‘Hijabistan’ by Sabyn Javeri: Eve in headscarf

Stories of women who, for all their sass, can do little to break free

Updated - March 22, 2019 01:51 pm IST

Published - March 16, 2019 04:00 pm IST

No other garment attracts as much scrutiny as the headscarf worn by Muslim women. It’s a personal choice if a woman chooses to wear one, of course, but its critics will always see it as a symbol of patriarchal conditioning. In this context, the cover of Hijabistan looks promising.

It portrays a devilish Eve, not in all her naked glory, but covered from head down in polka-dotted black, wearing rainbow sunglasses and makeup. She has also taken a bite off a rather phallic ice lolly with ‘FEMNST’ scrawled on it. All very tongue-in-cheek, and the idea of the temptress with the upper hand — so irresistible.

So. How successfully do the women in Hijabistan negotiate the space between conditioning and freedom.

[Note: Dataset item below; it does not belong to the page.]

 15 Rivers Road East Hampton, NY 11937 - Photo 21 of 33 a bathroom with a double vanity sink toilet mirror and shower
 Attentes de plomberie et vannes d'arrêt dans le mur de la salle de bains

Not very, I’m afraid.

The book is heavily populated with women whose feminism remains confined and feeble, and who, while they recognise the iron fist that controls them, can do little to break free.

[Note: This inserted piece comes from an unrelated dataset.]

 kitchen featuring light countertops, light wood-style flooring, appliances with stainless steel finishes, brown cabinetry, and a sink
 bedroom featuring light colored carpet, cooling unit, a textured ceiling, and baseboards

The stories themselves are facile and straightforward narratives that require little interpretation or introspection, though the blurb tries to give them weight.

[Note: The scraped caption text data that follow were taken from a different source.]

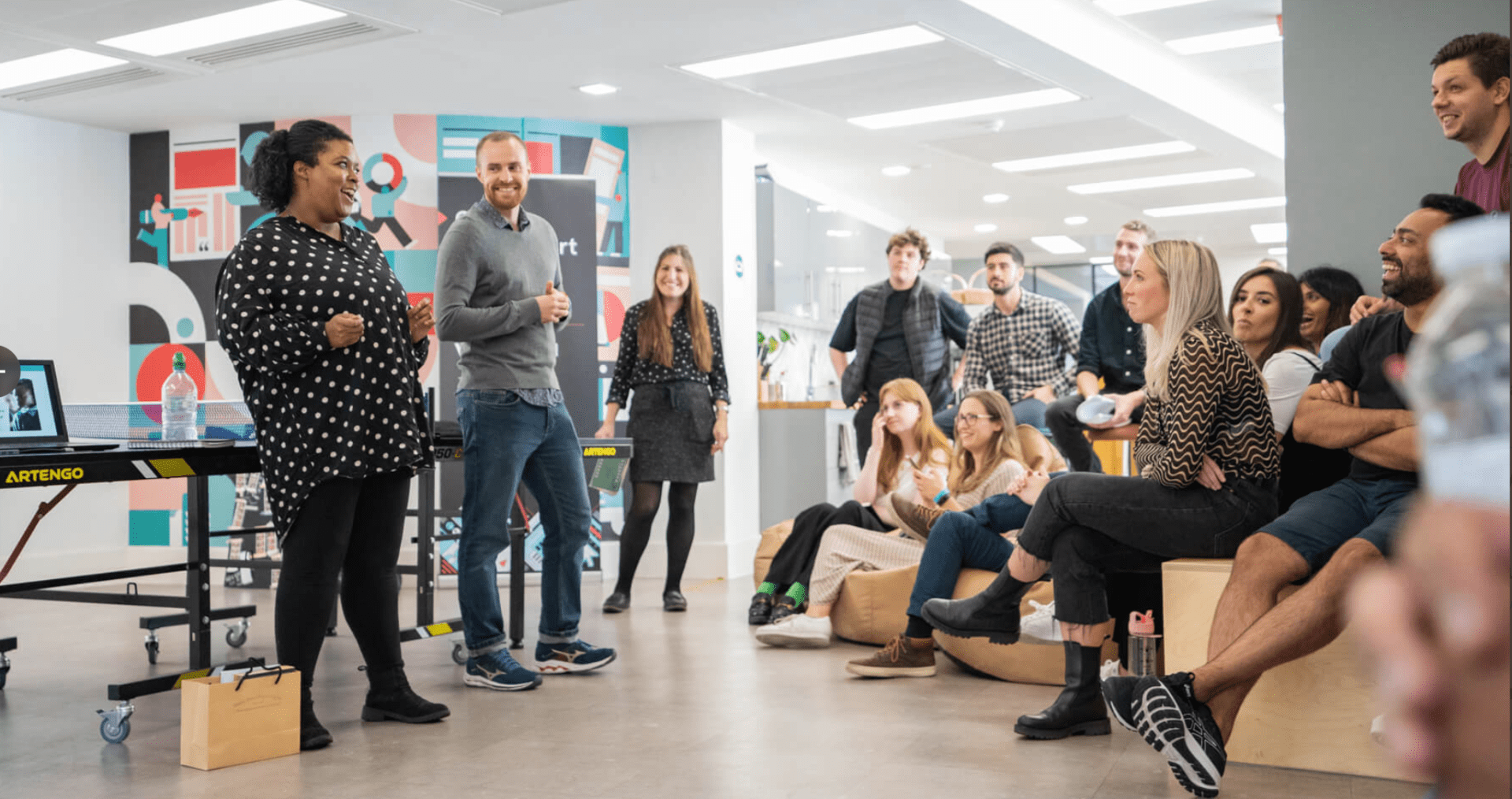 Two team members from Ministry of Stories stand in smiling in front of a group at Raconteur office.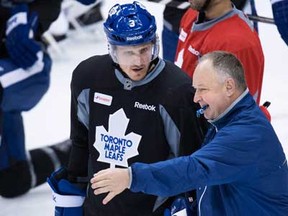 Maple Leafs head coach Randy Carlyle, right, speaks to captain Dion Phaneuf at practice in Toronto on Tuesday, May 7, 2013. THE CANADIAN PRESS/Nathan Denette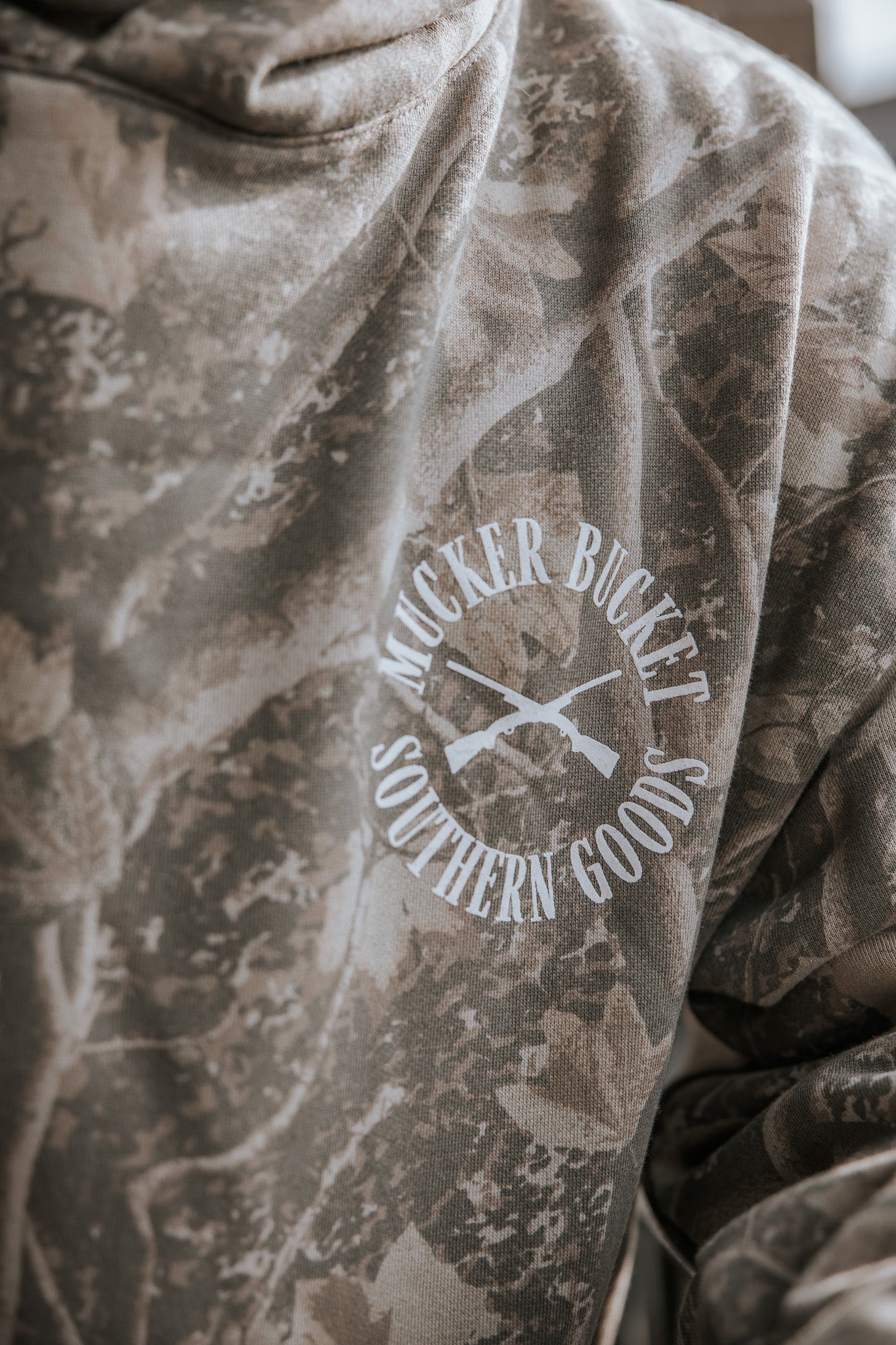 A close-up of the Mallard Deadwood Camo Hoodie by Mucker Bucket, featuring a white logo with two crossed rifles and "Mucker Bucket Southern Goods.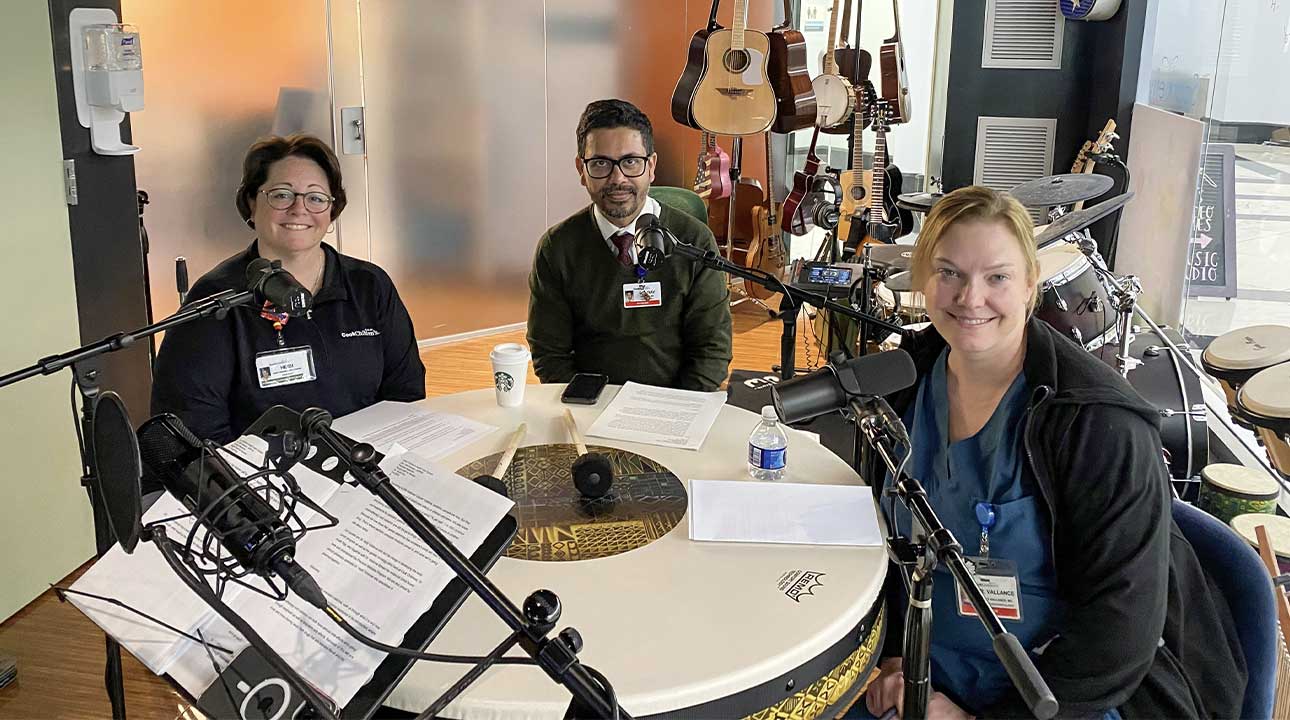 Heidi, Vallance, and a man record a podcast at Cook Children's music studio. Microphones and instruments are visible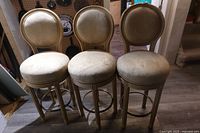 Front view of three matching bar chairs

In ‘The Full Stop’ a young girl comes of age much to her doctor father’s consternation and embarrassment; and in ‘Under the Flyover’ a couple looks for a few moments of privacy before they head home to their crowded flat

In ‘The Urge’ a woman is driven to madness by her impeding garment; another young girl in ‘The Lovers’ has a Briony Tallis moment; while the semi-comical sexual awakening of an older couple in ‘Fifty Shades at Fifty’ ends in an anti-climax.

In ‘The Adulteress’ and ‘Malady of the Heart’, two stories where women step over the line, the consequences are painful and their unhappiness palpable. It is in rare stories like ‘The Date’ that the rather daring protagonist manages to make the best of a bad situation.

In Hijabistan it would appear that conditioning trumps an alternate way of thinking, and that those who try to resist are tripped up and brought down by the very women who ought to have supported them.

The writer is the author of Jobless Clueless Reckless , a novel about teenagers.